The Lenten season should be concluded, both for the individual Christian as well as for the whole Christian community, with a penitential celebration, and confession as spiritual preparation for the Easter Triduum which celebrates the crucified, buried and risen Lord.

Over Thursday to Sunday we celebrate a single mystery.  The liturgical opening of Holy Thursday opens the one liturgy which comes to a close with the solemn blessing at the end of the Easter Vigil.

The celebration of the Lord’s Supper is the highlight of Holy Thursday.  We remember and re-enact the Last Supper and the washing of the disciples feet by Jesus.  Holy Thursday reminds us of the importance of the Eucharist, and that for Christians the Eucharist and service to others go hand in hand.  Following the 7.30 p.m. Mass, there will be quiet prayer and adoration in the church for one hour.

On Good Friday we celebrate the passion and death of Jesus on the cross.  Jesus chose to bear our burdens and give his life that we might live; live life to the full on this earth and new life in eternity.  If you can, keep this a sacred day and try to attend one of the ceremonies.  There will be Morning Prayer at 10.00 a.m., Stations of the Cross for Children at 12 noon, Celebration of the Lord’s Passion at 3 p.m. followed by confession and Stations of the Cross at 7.30 p.m., followed by 30 minutes of quiet reflective Taize prayer.

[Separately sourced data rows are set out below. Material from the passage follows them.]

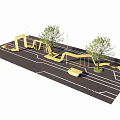 Stylish Yellow Modern Pergola Design With Trees Benches And Outdoor Paving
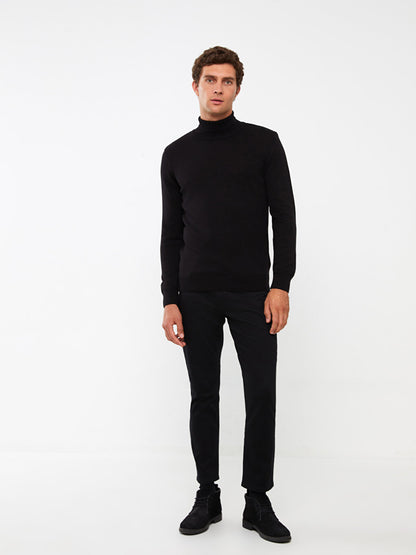 Turtleneck Long Sleeve Men's Knitwear Sweater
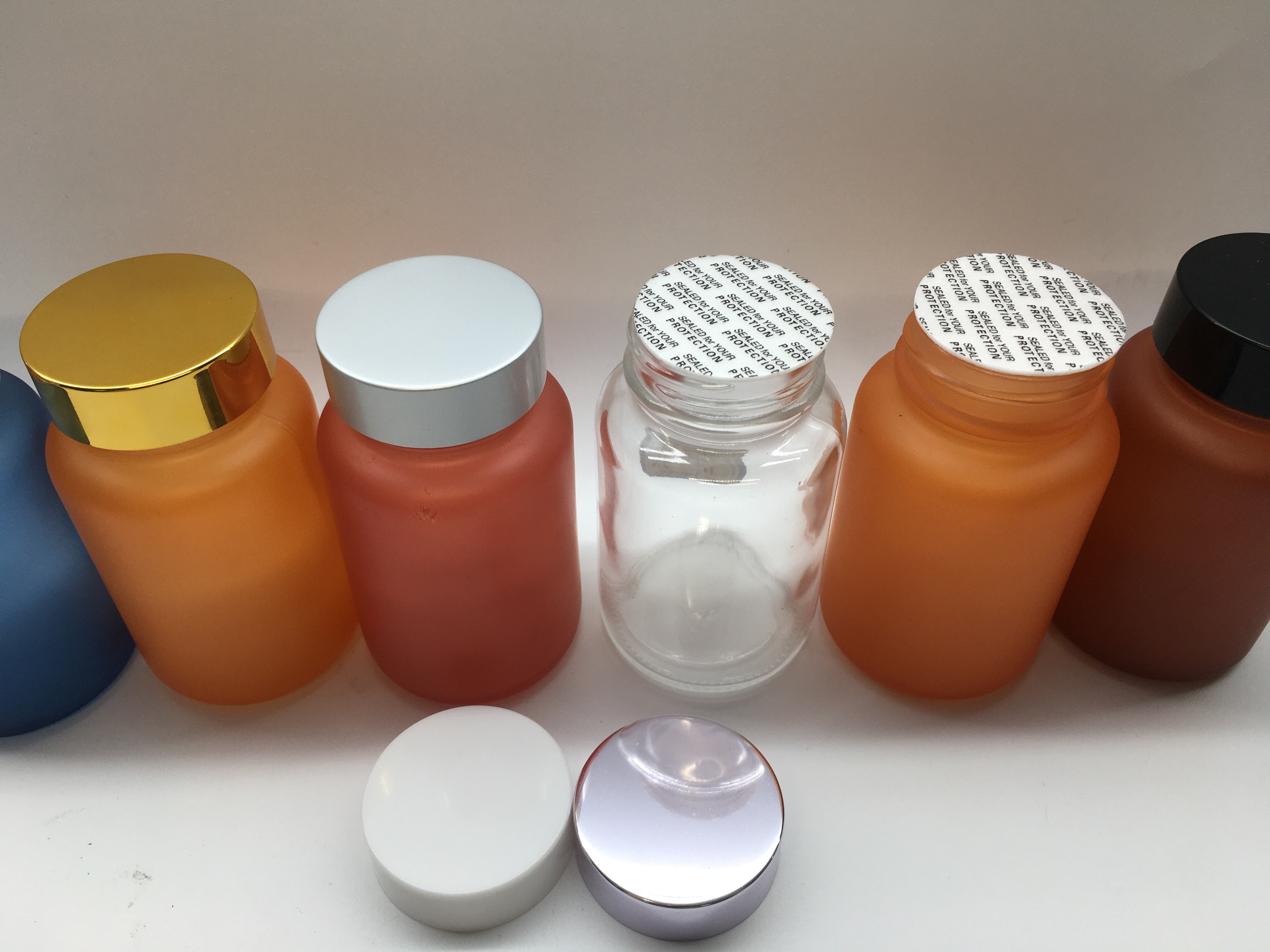 Translucent Frosted Glass Capsule Bottle Electroplate MSDS For Drugs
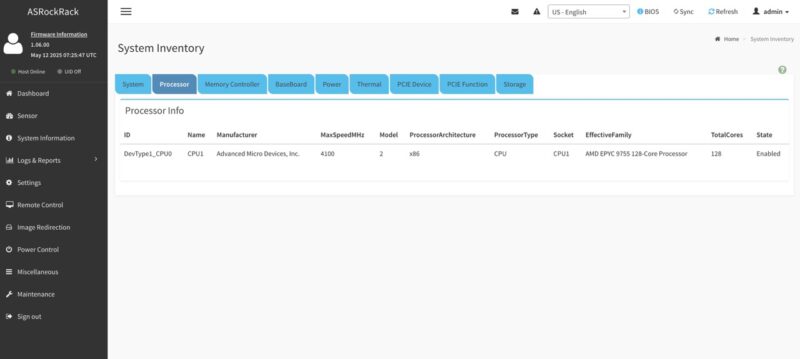 ASRock Rack TURIND8 IPMI System Inventory Large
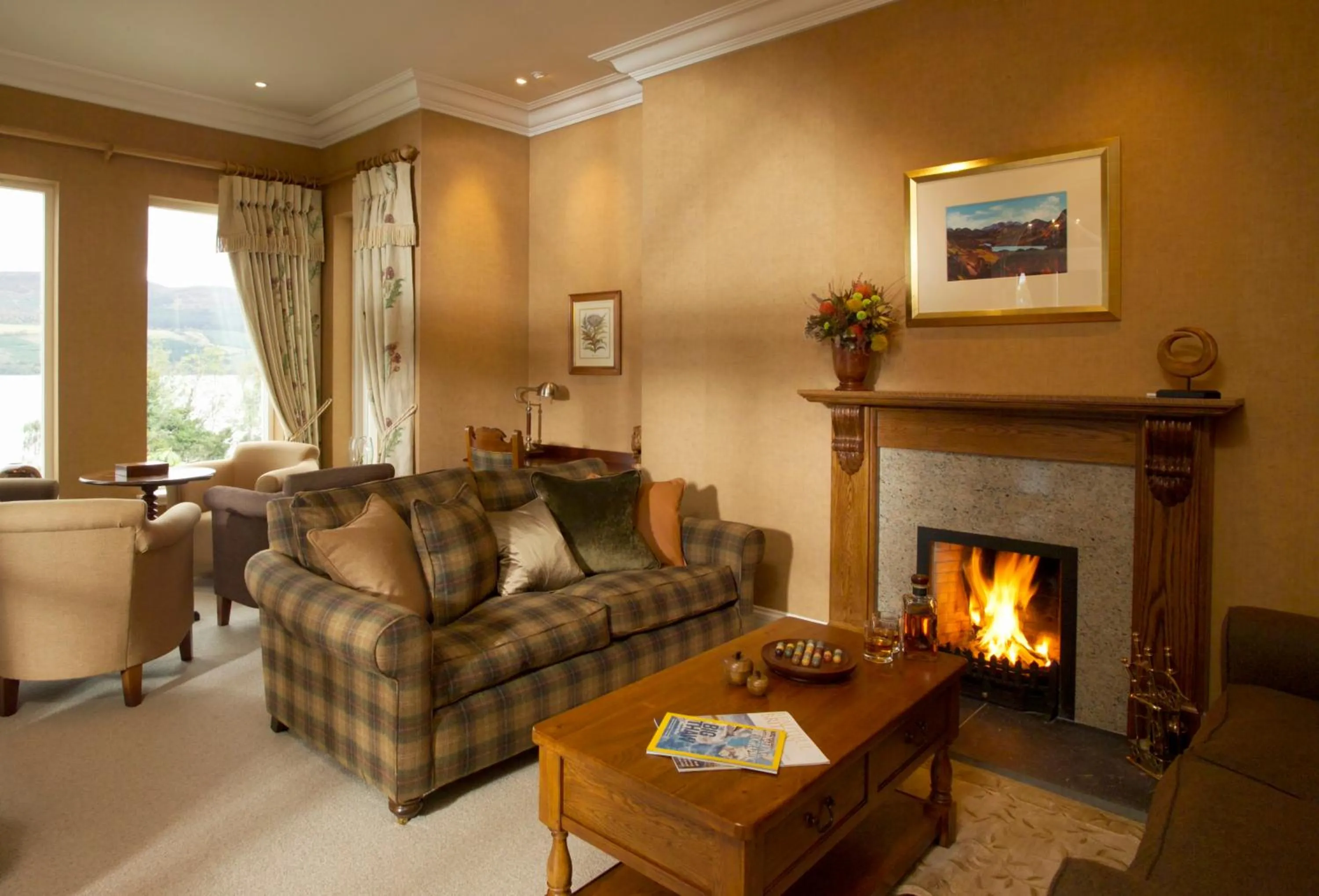 Seating area in Loch Ness Lodge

Daytime Holy Saturday is a time of waiting.  Our churches are left bare of decoration and no masses or ceremonies take place.  But come the fall of darkness all that changes, because Easter begins; the church is decorated, people assemble, candles are lit, joyful Easter songs are sung, and the Easter Vigil Mass begins.  This Easter Vigil Mass is the culmination of Holy Week.  The Lord is Risen, he is truly Risen, Alleluia.  There will be Morning Prayer at 10.00 a.m., followed by confession and the Easter Vigil at 9 p.m.

Masses on Easter Sunday are at 10 a.m. and 11 a.m.  There is NO 12.30 p.m, Mass.